We Need To Stop Shaming Women For Taking Back Their Cheating Exes
Being cheated on is probably one of the most gut-wrenching experiences anyone could ever have. It leaves you with a whirlwind of emotion and fills you with a toxic, twisted adrenaline.
Cheating doesn't just deprive you of the intimacy and comfort you have in the bedroom. The mistrust and hesitancy trickles through every crevice of the relationship. It robs you of your security, confidence and your faith. The only thing it doesn't rob you of is your love for that person, as much as you'd like it to.
Cheating brings about emotional seasons.
There's the shock season, in which you are so numb and unbelievably sick to your stomach that you feel like it couldn't possibly be real life. The person cheating on you couldn't possibly be the guy who was laying next to you last night, telling you how cute you look when your nose twitches just before you fall asleep.
Then there's the sad season, in which you cry more than you do anything else and eat chocolate cupcakes for breakfast, lunch and dinner.
Then there's the angry season, in which you throw all of his stuff in a bag and light it on fire while drinking a bottle of Pino with your best friends and listening to Carrie Underwood.
And then, there's the “glow up.” This is when you tell yourself you don't need him, you go to the gym/bars every day, you trade bagels in for green smoothies and you start rebounding. A lot. Some girls stay in this season, and more power to you. It's a great one to be in.
But the next one doesn't exist. Because the next phase is reality. That's when the all the questions start to swirl in your head, and you crave the closure you truly deserve.
There's this stigma and shame around women who take back the men who have cheated on them. Some of the words and phrases that come to mind are “weak,” “lack of self-respect,” “no morals" and “needs a man.” I'm here to say that's complete and utter bullshit.
First of all, it takes a lot of courage to love someone completely in the first place. To truly let your guard down and let someone in is no easy feat. Most of the time, it's a leap of faith. And that strength deserves some recognition.
Second, relationships are complex because as much as you merge into one being, you're still individuals. You still have needs, wants, doubts and you still make your own mistakes. I'm not insinuating this is an excuse, but it is, at the very least, an explanation.
But the truth is, hating your significant other after their infidelity, resenting them, tearing them down to the level of devastation you feel – that's the easy part.
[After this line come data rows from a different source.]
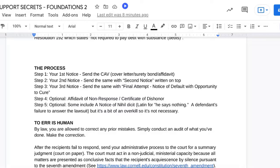Step five is also optional. Some people want to include a notice of nisi — it's Latin, meaning 'he says nothing,' referring to a defendant's failure to answer the lawsuit — but it's a bit of an overkill, so again it's not necessary. If you stick to step one, step two, step three, you're good. But if you're extremely thorough, go ahead. I'm just laying it all out for you so you can see what's available to you.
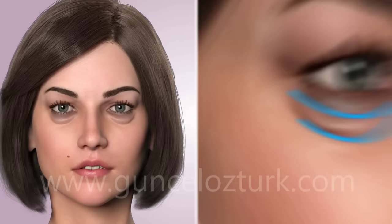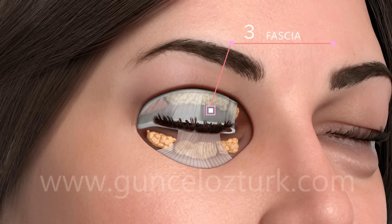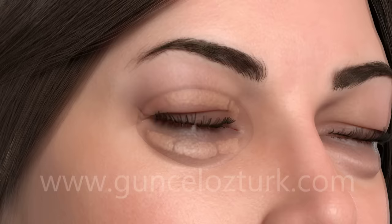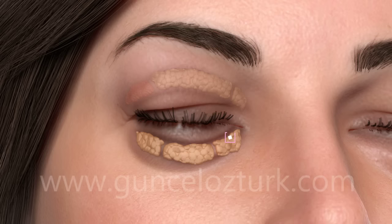The eyelids consist of four structural compartments: skin, muscle, fascia, and fat pouches. The upper eyelids have fat pockets on the inner and middle lines, and the outer eyelids have tear glands on the outlines. The lower eyelids have fat pockets on the inside, middle, and outline.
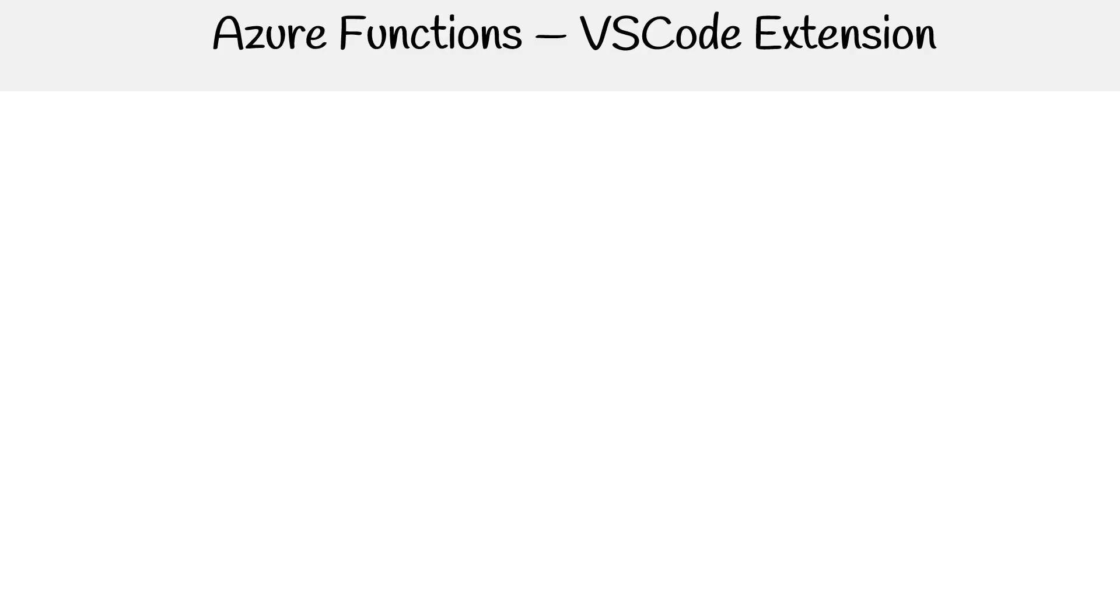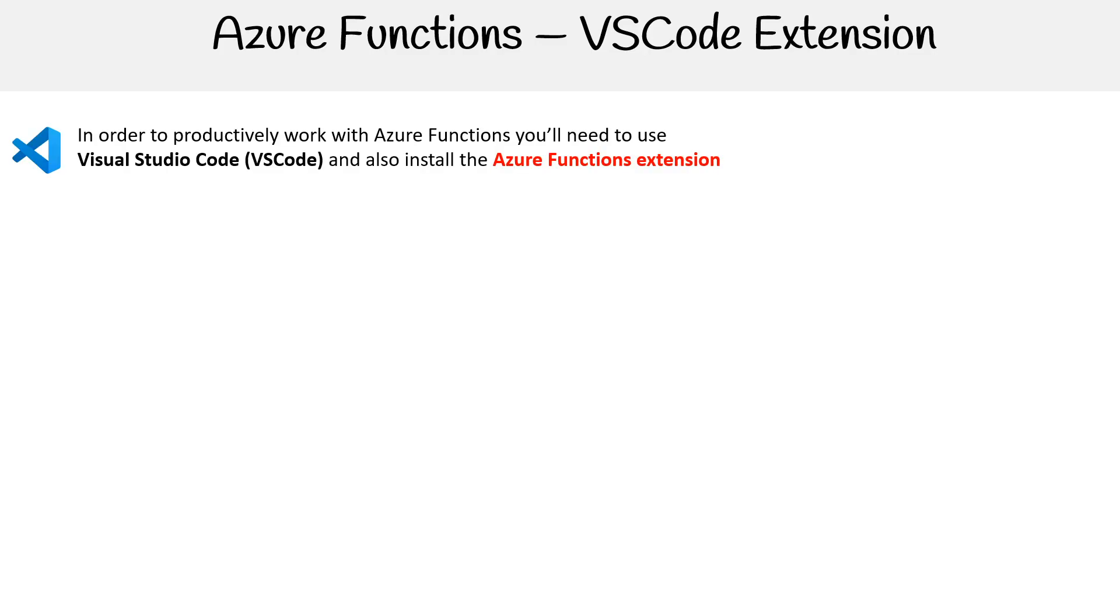Let's take a look at the VS Code extension, because this is going to be the primary way that you are going to be working with Azure Functions. So in order to productively work with Azure Functions, you'll need the Visual Studio Code Azure Functions extension.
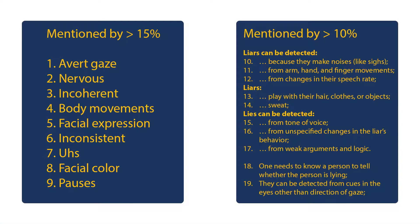And that is exactly what the global deception research team did. They asked participants in 58 countries this simple question. Here you can see what people have responded most often.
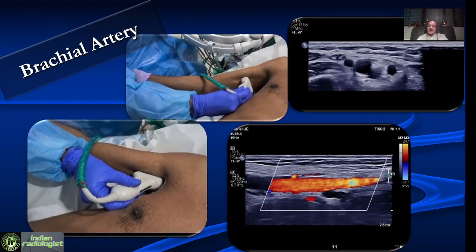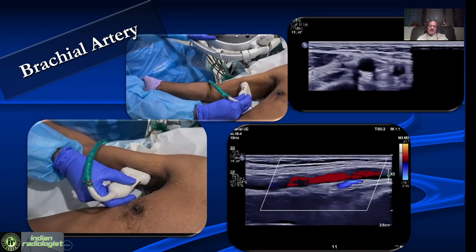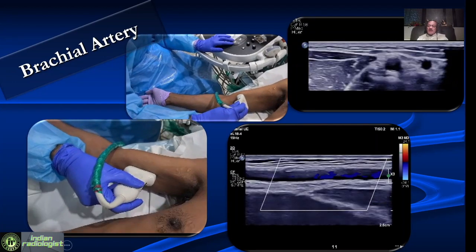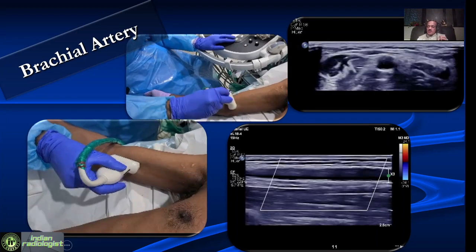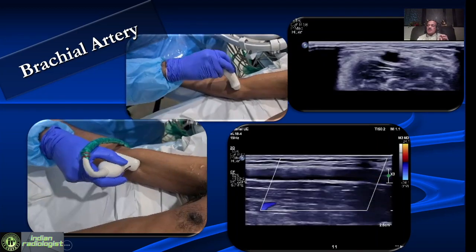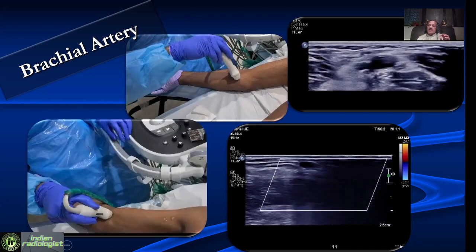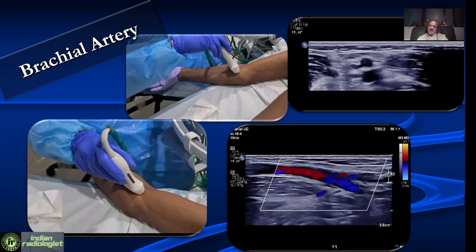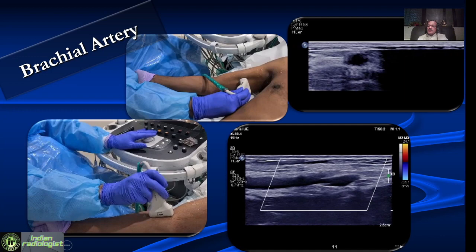The brachial artery we trace medially along its entire extent, right from the axilla to its bifurcation. It is very important to evaluate the brachial artery in a transverse plane as well, because not only can we see the lumen well, but we can also pick up any anomalies. For example, very often we see a high bifurcation of the brachial artery coming up in the upper arm, and this is very important information which we need to give to surgeons before doing a fistula surgery.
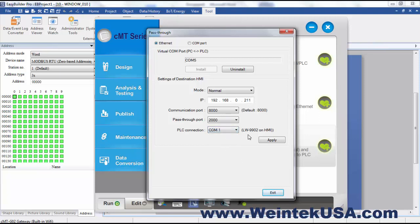And then you can enable your pass-through for COM port. Actually I do not have a serial device set up here at the time, but this is how you would enable a serial pass-through and you would be able to get online with your native PLC software. You would be able to get online over your network through the HMI to your serial connection.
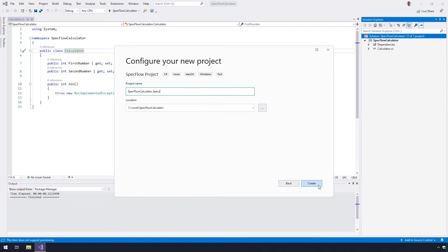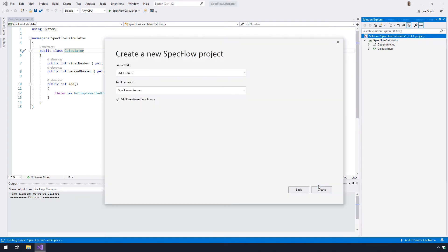Click Create. On the next screen you have the option to pick the test framework or runner you want to use.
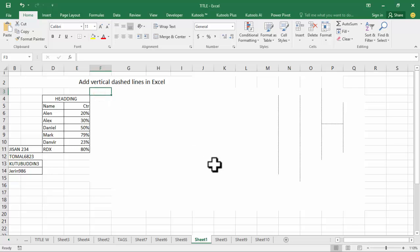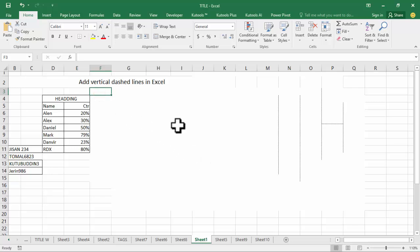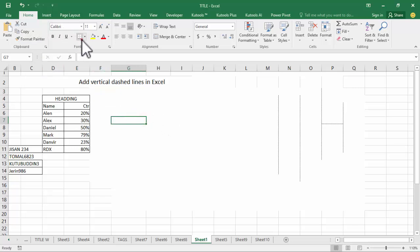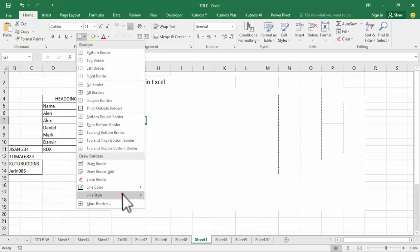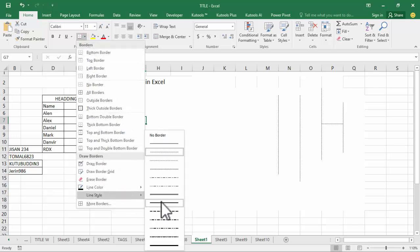Assalamu alaikum, hello everyone, welcome back to my another video. In this video, how to add vertical dashed line in Excel. Go to border, select the drop down menu, line style, and select dash.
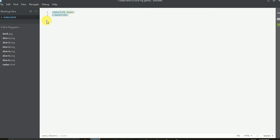DOCTYPE is an attribute which shows which type of HTML file we are using. This is recognized by the browser so it can identify which type of HTML file it is.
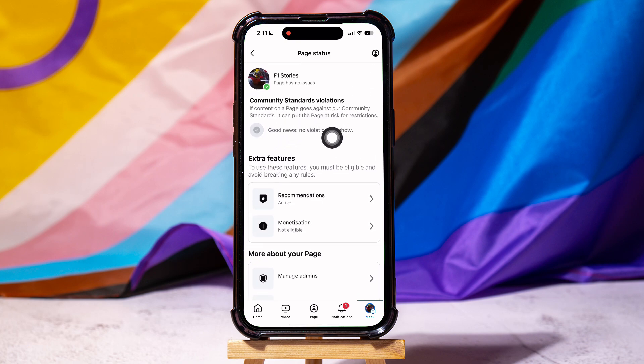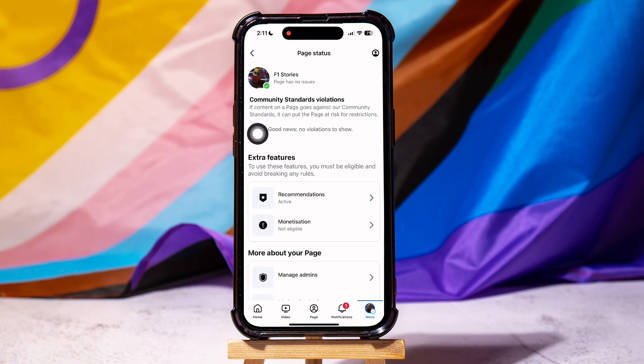As you can see, there are no violations to show regarding your account, which is good news. Recommendations are also active as shown.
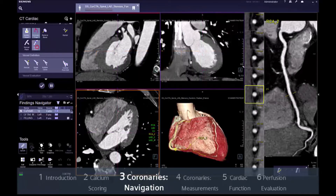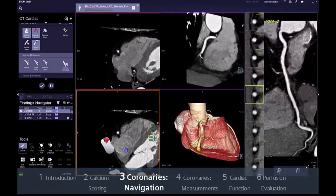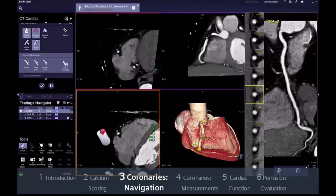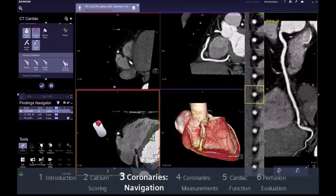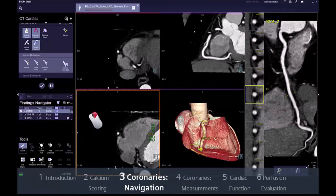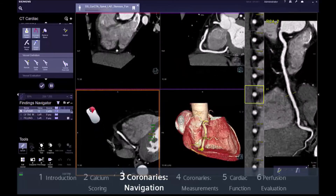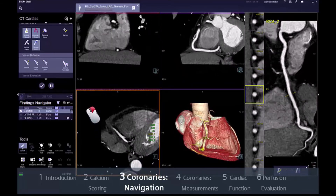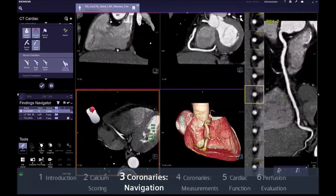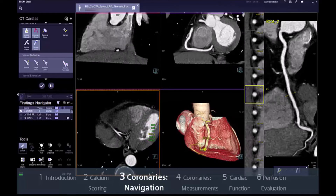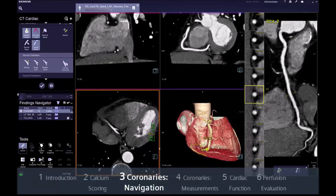Just select the tool, left click on the vessel you want to follow and drag the right mouse button to surf. The segments will update to display an orthogonal and longitudinal view of the corresponding vessel.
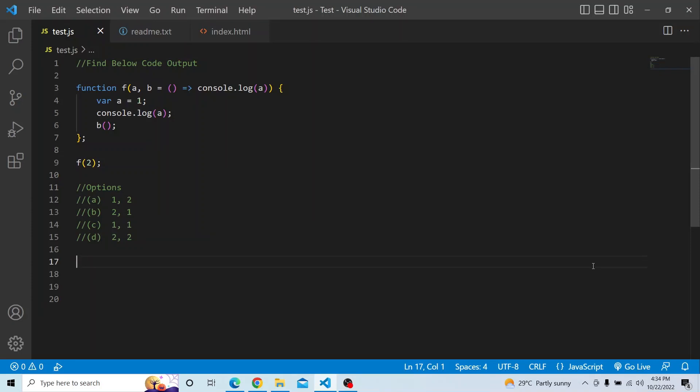Hi everyone. Welcome to JavaScript coding challenge. In today's video, you have to find the output of the below question. You have four options as well. And the question is...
The hard part? Forgiveness.
As easy as it may be to walk away, bash him to any and everyone, throw away all the memories and make a very aggressive subtweet about how much better off you are, it's much harder to stick around and listen to reason.
You might think I'm crazy, but after having the “cheating” conversation — which consists of "Why?" "How long?" and "How could you?" — there might come a closeness that may have been lost in the hustle of everyday life.
Now, if the reasoning consists of something shallow and fuckboy-ish, then of course, walking away from the cheater is the best option. But sometimes in a relationship, you can become so distant from the person you may be attached to 24/7. Appreciation and conversation can be replaced by distraction and comfort. And when that happens, spirits start to stray. Once again, I'm not saying this is a valid excuse, but if you really care about someone, it's worth hearing their side.
And once that conversation starts, you to see that distance sort of dissipate. You lose the feeling of certainty that you'll never lose the person, and that is healthy. That feeling, which can be summed up as not taking someone for granted, is necessary for a flourishing friendship and relationship.
I'm not saying sacrificing your self-respect is some noble act. However, having a real conversation and offering forgiveness to someone who has shattered you shouldn't be frowned upon, as it takes a great deal of strength and even more grace.